Wish you the best for recovery.
Hmmm ... I think I may have this now. Wasn't sure if it was golf or keyboard related, but the descriptions above, in my dummy (ie not expert) opinion, sound dead on.

Ice feels good right now.
post #13 of 15

GolfingDad,

 

- Hook of Hamate Fracture:
    - frxs of the hook may result from athletic activity (swinging golf club, etc) but may occur from direct blow;
           - hook of the hamate is particularly at risk in batters and golfers;
    - avascular changes may follow fracture of hook in hamate, and these may lead to hook necrosis and non union;
    - pattern of vascular supply suggests that most acute hooks frx should have adequat blood supply to heal if well immobilized immediately;
    - exam:
    - pain is accentuated w/ axial loading of ring and little finger metacarpals;
           - dx is usually confirmed by point tenderness over hook 1 cm distal and radial to the pisiform;
           - almost all patients complain of pain and tenderness on ulnar side of palm or on the dorsoulnar aspect of the wrist;
           - most common symptom is pain in the palm aggravated by grasp;
           - diminished grip strength, dorsal wrist pain, ulnar nerve paresthesias or weakness, and mild carpal tunnel syndrome are frequent.

post #14 of 15
Quote:
Originally Posted by ProFitnessPlans View Post
 

GolfingDad,

 

- Hook of Hamate Fracture:
    - frxs of the hook may result from athletic activity (swinging golf club, etc) but may occur from direct blow;
           - hook of the hamate is particularly at risk in batters and golfers;
    - avascular changes may follow fracture of hook in hamate, and these may lead to hook necrosis and non union;
    - pattern of vascular supply suggests that most acute hooks frx should have adequat blood supply to heal if well immobilized immediately;
    - exam:
    - pain is accentuated w/ axial loading of ring and little finger metacarpals;
           - dx is usually confirmed by point tenderness over hook 1 cm distal and radial to the pisiform;
           - almost all patients complain of pain and tenderness on ulnar side of palm or on the dorsoulnar aspect of the wrist;
           - most common symptom is pain in the palm aggravated by grasp;
           - diminished grip strength, dorsal wrist pain, ulnar nerve paresthesias or weakness, and mild carpal tunnel syndrome are frequent.

 

 

Very good information.

I injured my hand last fall, buy over gripping the club with my left hand and playing 63 holes in 36 hours.

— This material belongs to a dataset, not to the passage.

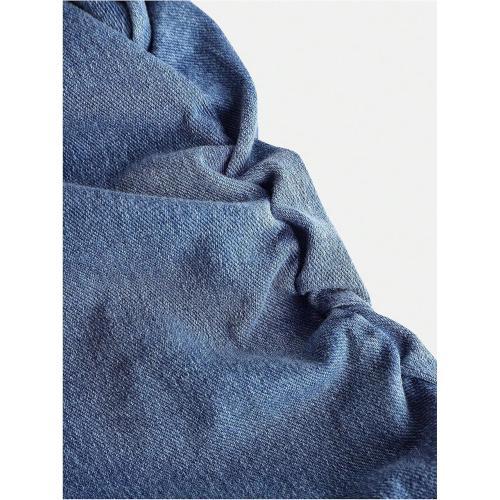 Size XS Floerns Girl's Ruched Strapless Tube Top Bowknot Denim Dress Cute Tiered Dress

Did not help to return home and not let it rest by holding a video game remote, or my cell phone for extended period of time.

 

The only difference I have is most of my pain is either in my middle finger or on the muscle part of the palm by the pinky.

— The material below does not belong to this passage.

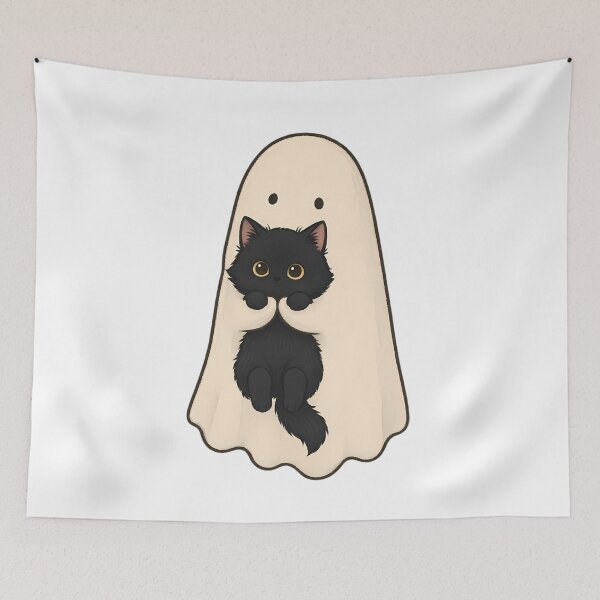 Item preview, Kawaii Black Cat Ghost – Cute Spooky Halloween Cat designed and sold by Lu7u.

I have used this opportunity to learn how to grip the club lighter with less pressure and not try to swing for the fences.

( aggression does not equal power)

post #15 of 15

I have had similar pain in the area, except mine is near the ulna. I felt fine one minute and next painful a minute later with lateral flexion. The only activity that could have started this was my daughter pushing down on my hands as I was holding steady. Strangely painful and hurts during the golf swing. The pain goes away after playing for a while though. I am veering towards tendonitis or bursitis in my case. Unfortunately it only hurts with use so I forget to ice it regularly.